I look back at where I have just come from one more time. The feeling that I don’t have enough time, that I am going to be caught, overwhelms me. I close my eyes and count to three. Then I peak around the bend and what I see takes my breath away.
“Mea filia.”
Chapter 24
“Mother!” I shoot up in my bed. My heart is pounding like it was in the dream. I feel winded, like I just ran a marathon.
“Huh,” Alex says from next to me.
“Oh, my God. Alex,” I shake him so he will fully wake up. “Alex!”
He sits up, looking around him like there is a fire that needs to be put out. “Shit, Lexi.” He puts his hand up to his heart. “What the hell?” He flops back down into a pillow.
“Alex, I think I just saw our mother in a dream.”
“Huh?” He sounds more alert now.
“It wasn’t like a dream though.
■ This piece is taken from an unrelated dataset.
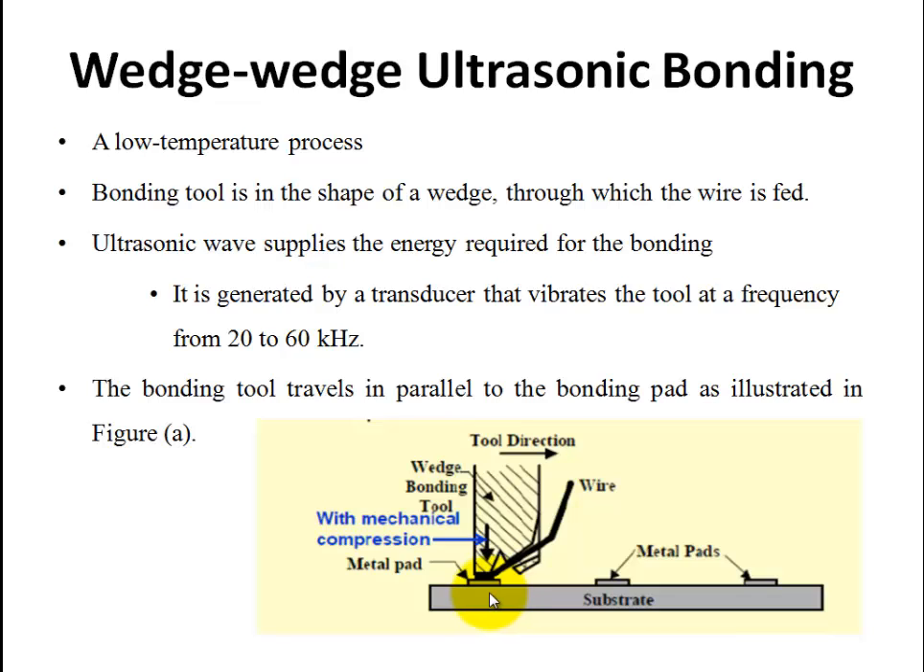Fixing and bond formation use energy from ultrasonic waves. The ultrasonic wave is generated in a transducer, and we carry out the bonding process using this wave. The tool vibrates at a frequency of 20 to 60 kHz. During the bonding process, the bonding tool and substrate move in parallel. The tool direction and substrate move in parallel.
It was so real. I’ve had the dream before but this had more to it.” I describe the dream for him. “And when I looked around the corner there were people standing around. They appeared to be frozen. And an ethereal glow was coming off their skin. Their eyes were all closed but it wasn’t like they were really sleeping. You can see their eyes moving behind their lids, like they were dreaming.” I wrap my arms around myself. “It was scary and sad.”
“It was just a dream, Lexi,” he tries to console me.
“I don’t think so. I think our mother was calling to me for help. She was so beautiful,” I whisper to myself. “Her hair was like the silvery light of the moon, so long and silky. Her face was mine, almost like looking into a mirror, but older. She was tall, taller than I, maybe like six feet. She wore a silver stola that shimmered like diamonds.” My voice is far away, trying to recall all the details.
I look over at Alex and see that he looks stunned. I give him a questioning look and he tells me, “That’s exactly how I saw her. Except I saw her eyes. They’re blue.”
I jump up out of bed and start grabbing some clothes to take into the bathroom to change.
“What are you doing?” Alex gets out of the bed, panicked like something is about to happen.
“I need to go see Cole. I want to tell him about it. We need to find her, Alex.” I go into the bathroom and shut the door to change quickly.
“Lexi, we can’t go now. What would mom and dad think?” He’s right.